Exercise objective: Quote the data below in full, minus the images.

Provided material:
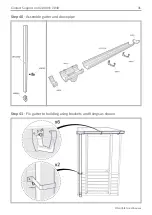 Preview for 31 page of Norfolk Greenhouses BCPOSW1280+G Assembly Instructions Manual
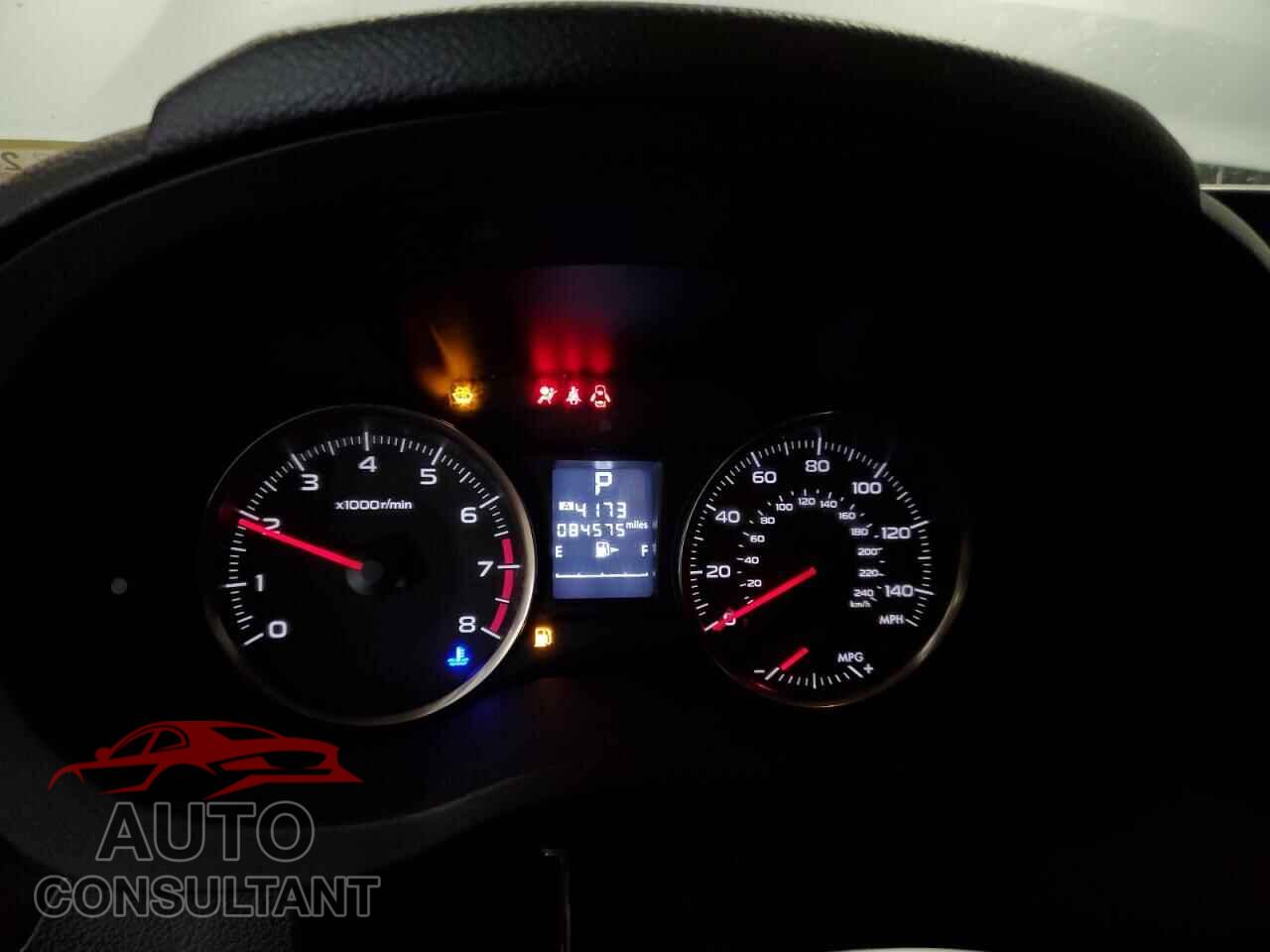 SUBARU IMPREZA 2016 - JF1GPAB64GH296210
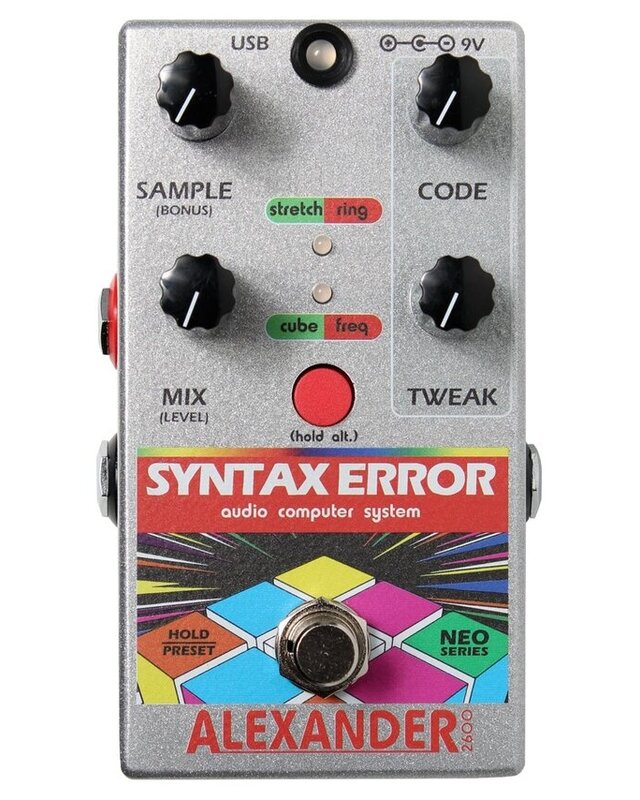 Alexander Pedals Syntax Error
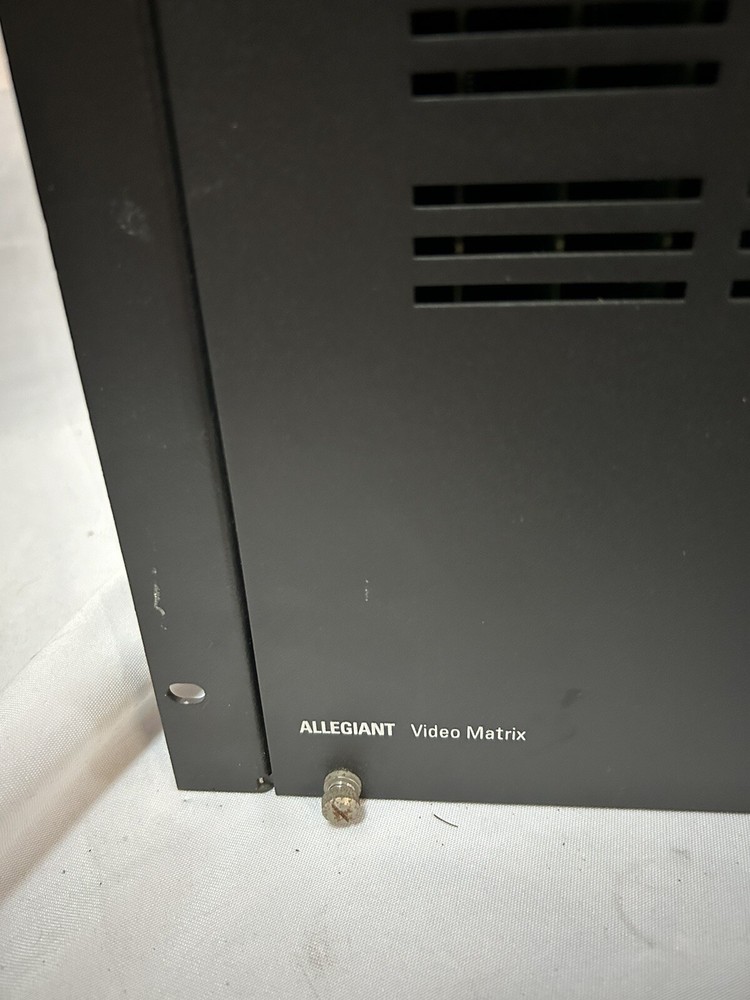 Bosch LTC 8801/60 Allegiant Video Matrix Main Bay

Answer to this task:
 Preview for 31 page of Norfolk Greenhouses BCPOSW1280+G Assembly Instructions Manual
 SUBARU IMPREZA 2016 - JF1GPAB64GH296210
 Alexander Pedals Syntax Error
 Bosch LTC 8801/60 Allegiant Video Matrix Main Bay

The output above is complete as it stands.